Su uno scaffale della mia libreria una pila di guide e romanzi dedicati alla Cina può far pensare a un’imminente partenza o a un recente rientro da un viaggio. Entrambe le ipotesi sono corrette: se da un lato la sensazione è di essere appena tornata dopo mesi trascorsi a spasso per gli hutong di Pechino, dove quei testi si sono rivelati utilissimi, dall’altro sto effettivamente pianificando un viaggio in Cina, spinta dal desiderio di sperimentare in prima persona tragitti che ad oggi non hanno superato i confini di Google Maps e di scoprire storie e sapori a cui per ora danno concretezza solo le pagine di un libro.
Tutto è cominciato con la ricerca dell’aggettivo giusto. Anzi, di sette aggettivi giusti riferiti a una sola pietanza, nelle prime due righe del capitolo iniziale di Kitchen Chinese, romanzo d’esordio di Ann Mah. Ero alle prese con l’anatra alla pechinese, piatto universalmente noto. Eppure quegli aggettivi non corrispondevano fino in fondo alla ricetta di mia conoscenza, da cui la prima di una serie di incursioni nel più autentico tra i ristoranti cinesi presenti in città, con la speranza di far rivivere al mio palato sensazioni simili a quelle descritte dall’autrice – e di affrontare degnamente la traduzione di ricette infinite e minuziose che mi avrebbero accompagnato fino alla fine di questo romanzo dai toni umoristici e romantici.
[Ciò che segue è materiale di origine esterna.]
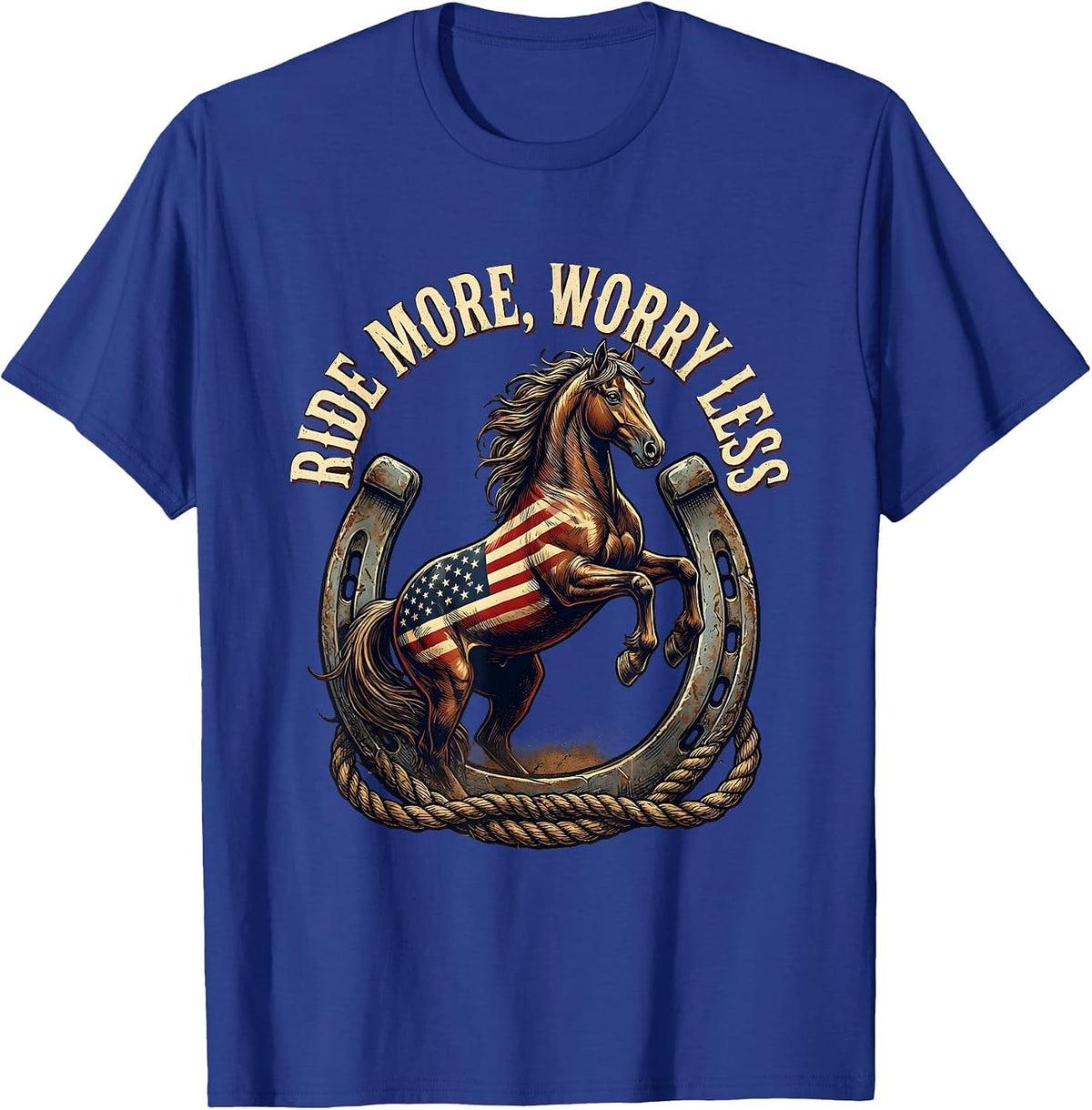 Ride More Worry Less Horse Lover Design T-Shirt - Royal Blue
Era chiaro che le origini cino-americane di Isabelle, la protagonista del libro, avrebbero richiesto un grado di mediazione in più: al passaggio dall’inglese all’italiano, si aggiungeva quello tra cultura cinese e italiana per via anglosassone. E questo lasciava già intuire che sotto i toni leggeri da Diario di Bridget Jones in veste orientale, fra scambi vivaci di battute brillanti, avrebbe potuto celarsi altro, l’autentico grado di difficoltà della traduzione.
Licenziata in tronco e scaricata dal fidanzato, Isabelle sceglie di abbandonare Manhattan e di ripartire da zero a Pechino, dove vive la sorella, avvocato in carriera. In un paese dove non è nemmeno in grado di fare un’ordinazione al ristorante, trova lavoro come critico gastronomico per una rivista in lingua inglese, sfruttando la personale passione per la cucina e la sua conoscenza del «cucinese»: kitchen chinese, appunto, pseudo-cinese a base di vocaboli culinari appreso da piccola tra i fornelli di casa. Ma i viaggi alla scoperta di specialità locali non sono solo un pretesto per incontri galanti o avventure tragicomiche: tra i privilegi di una sorta di limbo in cui si crogiolano gli stranieri di successo a Pechino, Ann Mah propone una garbata analisi del contrasto tra identità culturale e identità etnica e mano a mano che ci si addentra nella narrazione. Isabelle impara a conoscere se stessa e un paese che poco si rispecchia nei ricordi di famiglia, svelato in un fluido alternarsi di episodi divertenti e accenni a una realtà inquietante.
Sono passaggi resi possibili essenzialmente da una lingua sempre in bilico tra queste due dimensioni, che costringe il traduttore a una concentrazione costante per mantenersi in equilibrio come un funambolo su un’ipotetica linea di confine tra colloquiale ma non troppo, goliardico mai volgare, secondo un’elegante linearità e limpidezza di stile che ben si presta anche al ritmo meno sostenuto e all’atmosfera più dimessa di quegli attimi frequenti in cui il velo glamour si solleva, per offrire scorci di un regime condito da censura, tirannia e selvaggio sviluppo economico, senza rispetto per storia né tradizioni.